REPUBLIKA.CO.ID, JAKARTA -- Pengembangan pasar modal syariah dinilai masih belum optimal. Kepala Eksekutif Pengawas Pasar Modal Otoritas Jasa Keuangan (OJK), Hoesen mengatakan, hal tersebut tecermin dari pilihan produk di pasar modal syariah yang masih terbatas.
Di sisi lain, Hoesen menambahkan, literasi dan inklusi masyarakat terkait produk syariah juga masih perlu ditingkatkan walaupun upaya mendorong hal tersebut sudah banyak dilakukan.
"Jika dibandingkan produk konvensional, sampai saat ini belum terdapat penerbitan produk Efek Beragun Aset (EBA) syariah dan Dana Investasia Real Estate (DIRE) syariah," kata Hoesen, Senin (12/4).
Menurut Hoesen, peran kelembagaan seperti bank syariah dan perusahaan efek sebagai infrastruktur penunjang bagi pasar modal syariah juga perlu diperbanyak. Hal lainnya yang perlu diperhatikan yaitu adanya produk syariah yang tidak terlepas dari permasalahan hukum.
Hoesen melihat masih terdapat oknum yang memanfaatkan produk pasar modal syariah sebagai kendaraan melakukan transaksi yang dilarang. Karena itu, Hoesen mengimbau agar pelaku pasar modal syariah harus selalu memegang teguh sifat dasar yang menjadi landasan bagi implementasi prinsip syariah.
Hal tersebut sejalan dengan salah satu misi pengembangan pasar modal syariah 2020-2024 yaitu memperkuat nilai kesyariahan pasar modal syariah.
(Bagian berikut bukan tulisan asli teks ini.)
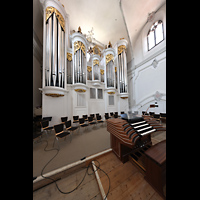 Kempten, St. Mang, Hauptorgel mit Spieltisch seitlich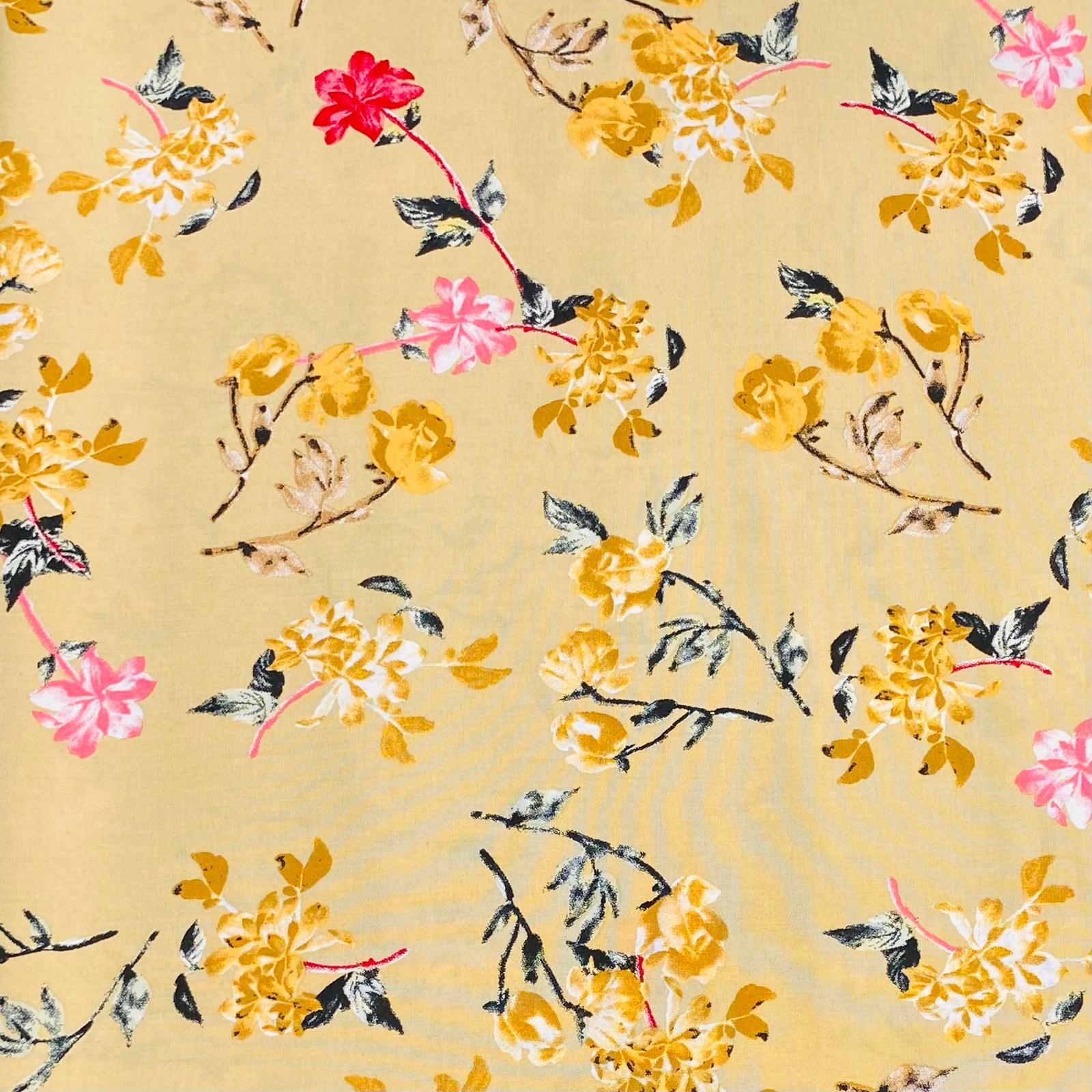 3 Metres, Printed Summer Dressmaking Viscose Fabric - Yellow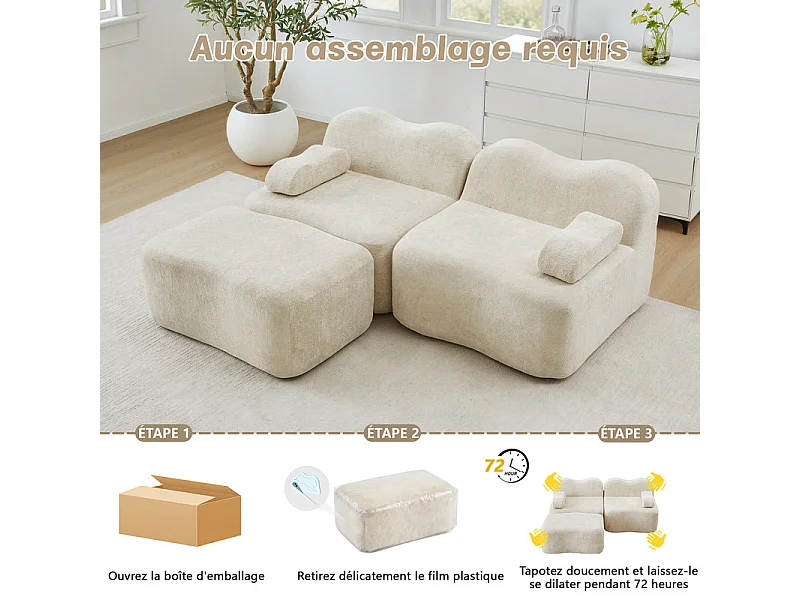 Canapé d'angle modulable en velours, avec pouf et coussin d'accoudoir mobile, 192x167x70cm, Beige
Hoesen menegaskan, peluang dan tantangan industri pasar modal syariah di masa mendatang akan semakin bervariasi.
"Untuk itu diperlukan sinergi dari berbagai pemangku kepentingan pasar modal syariah," tutur Hoesen.
Meski demikian, Hoesen menilai, pasar modal syariah telah memiliki landasan hukum yang kuat termasuk efek syariah berupa sukuk crowdfunding dan sukuk daerah. Adanya landasan hukum dan fatwa bisa mendorong perkembangan produk pasar modal syariah.
Hoesen memaparkan, jumlah saham yang masuk daftar efek syariah terus bertambah. Demikian juga jumlah maupun variasi produk sukuk. Dari sisi pelaku industri juga terdapat peningkatan jumlah pelaku yang terlibat dalam penerbitan efek di pasar modal syariah.
Sebagai informasi per 1 April 2021, terdapat 452 saham yang masuk ke dalam daftar efek syariah. Selain itu terdapat 168 sukuk syariah dengan nilai kurang lebih Rp 32 triliun. Adapun reksa dana sayariah telah mencapai 293 produk dengan nilai sekitar Rp 80 triliun.